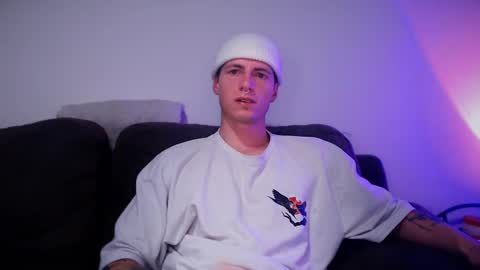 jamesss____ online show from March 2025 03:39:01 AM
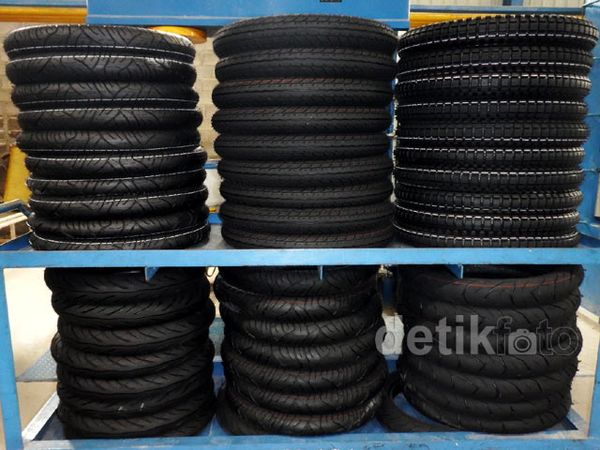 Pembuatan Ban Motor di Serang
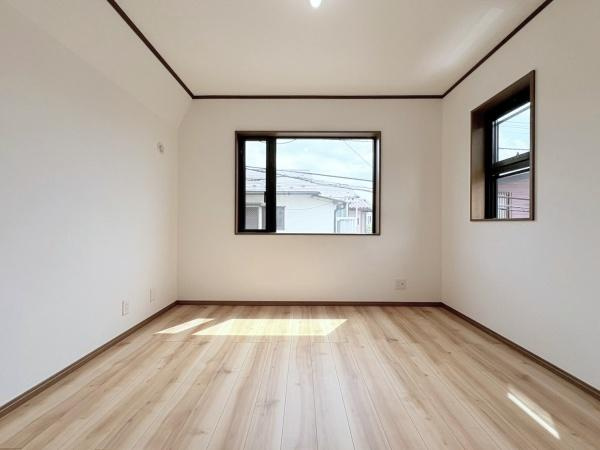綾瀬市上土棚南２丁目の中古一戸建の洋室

************

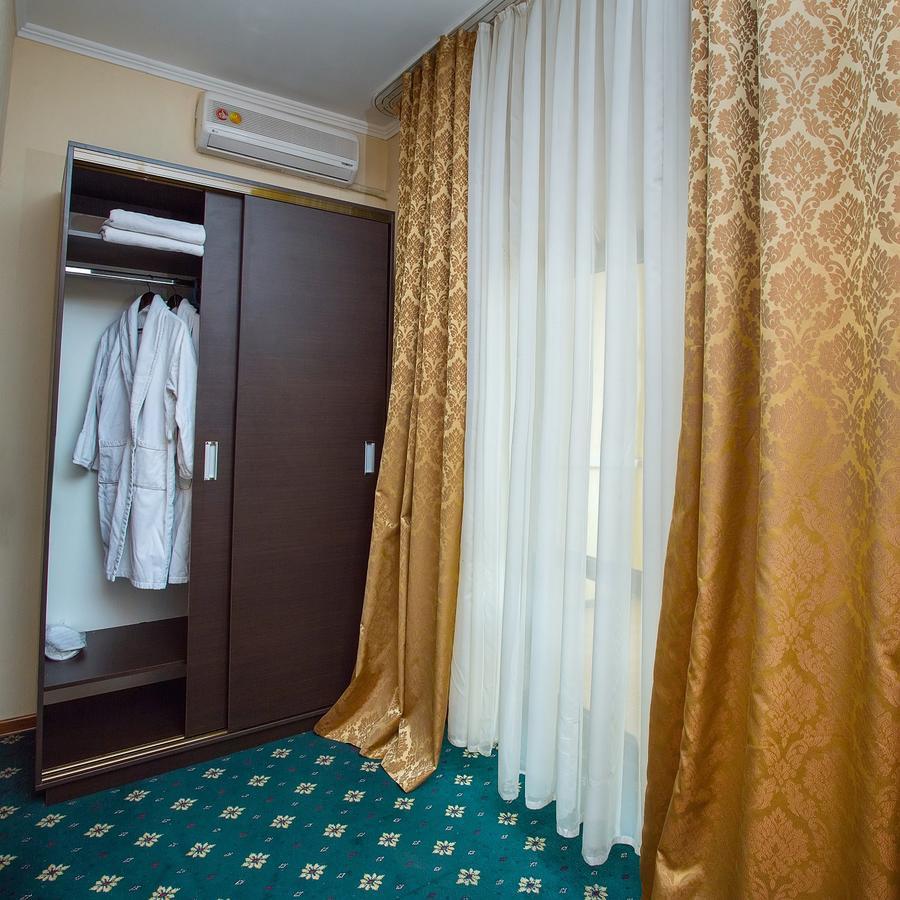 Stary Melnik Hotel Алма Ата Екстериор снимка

************

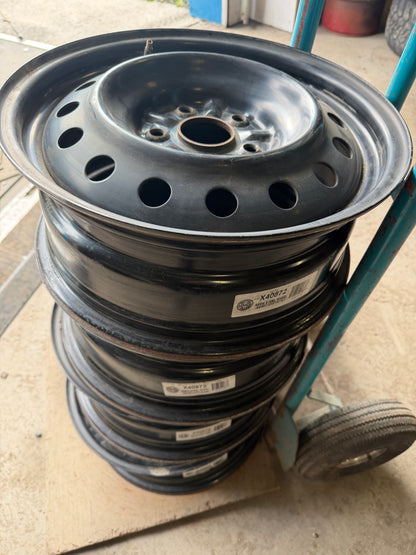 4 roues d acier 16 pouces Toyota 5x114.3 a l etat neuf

************

### TASK STATEMENT
Retype only the lines above from the one with "Pembuatan Ban Motor di Serang" through the one with "綾瀬市上土棚南２丁目の中古一戸建の洋室", exactly and with both ends. Images stay out.

### WORKED SOLUTION
 Pembuatan Ban Motor di Serang
綾瀬市上土棚南２丁目の中古一戸建の洋室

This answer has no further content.